Jeremy Clarke Jeremy Clarke

It’s my ninth – and final – chemotherapy session

I thought the black-eyed mystic nurse might offer congratulations but she remained her usual otherworldly self

[Thirasak Phuchom / Alamy Stock Photo] 
issue 29 January 2022

‘Sorry I’m late,’ I said to the big unit stationed behind her computer. She’s the chief, this one. She shows no fear or favour. ‘It’s not grave. Room two,’ she said without looking up. ‘Today’s my last one,’ I said. ‘I know,’ she said.

Room two comprises three cubicles. Two were already occupied. I was piggy in the middle. I took off my shoes and coat, hung the coat over the back of the chair and climbed up on to the padded recliner.

Then the raven-haired black-eyed nurse, who invariably looks searchingly into the depths of my soul before asking whether I would like apple or orange to drink, came in. ‘My last one,’ I said. I thought that she at least would smile or offer congratulations. But she remained her usual otherworldly self. ‘Apple?’ she said. ‘I think orange today,’ I said.

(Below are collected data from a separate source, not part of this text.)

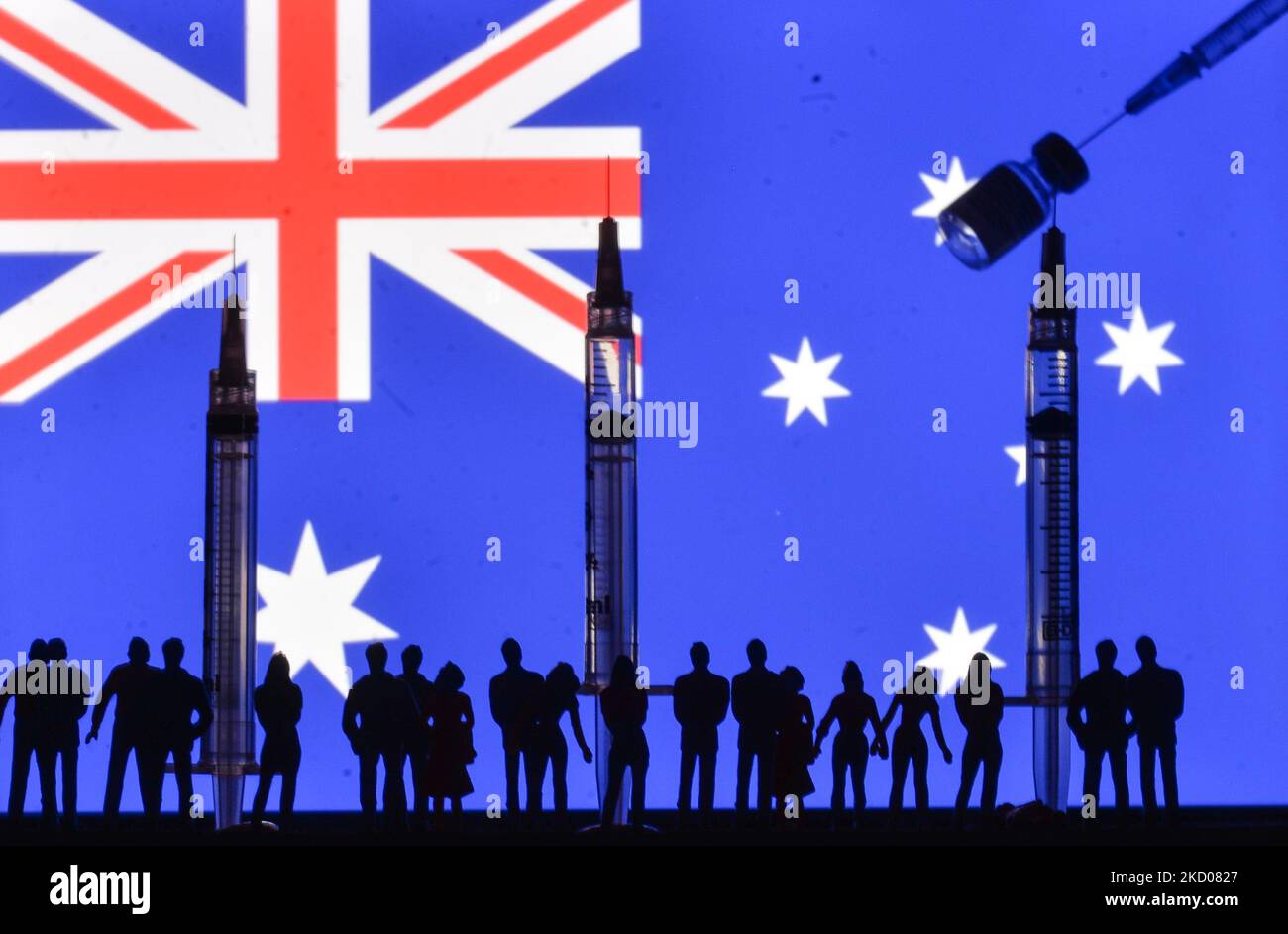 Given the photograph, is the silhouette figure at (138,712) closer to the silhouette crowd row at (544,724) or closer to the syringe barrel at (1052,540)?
the silhouette crowd row at (544,724)

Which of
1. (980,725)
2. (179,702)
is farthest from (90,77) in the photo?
(980,725)

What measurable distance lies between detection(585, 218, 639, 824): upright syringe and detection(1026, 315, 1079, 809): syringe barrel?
166 cm

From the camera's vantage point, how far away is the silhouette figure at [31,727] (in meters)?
8.68

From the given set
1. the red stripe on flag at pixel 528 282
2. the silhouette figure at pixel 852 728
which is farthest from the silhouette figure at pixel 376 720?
the red stripe on flag at pixel 528 282

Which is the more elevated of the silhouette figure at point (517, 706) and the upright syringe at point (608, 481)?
the upright syringe at point (608, 481)

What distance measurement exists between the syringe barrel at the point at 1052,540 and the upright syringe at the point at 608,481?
1.66m

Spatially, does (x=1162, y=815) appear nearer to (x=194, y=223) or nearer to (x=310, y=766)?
(x=310, y=766)

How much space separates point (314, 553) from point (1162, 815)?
13.4 feet

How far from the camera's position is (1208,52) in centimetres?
972

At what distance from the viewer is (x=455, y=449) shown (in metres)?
10.1

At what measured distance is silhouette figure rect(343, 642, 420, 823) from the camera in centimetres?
864

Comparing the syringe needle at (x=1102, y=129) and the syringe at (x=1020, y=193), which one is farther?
Answer: the syringe needle at (x=1102, y=129)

When you are chronically unwell you can tire of listening to the grandiose ravings of the invincibly well

Although I was annoyingly cheerful on this my last day of treatment, I should say that I am usually annoyingly cheerful on chemotherapy days because on doctor’s orders I must take a double dose of steroid, which invariably makes me a bit too full of myself.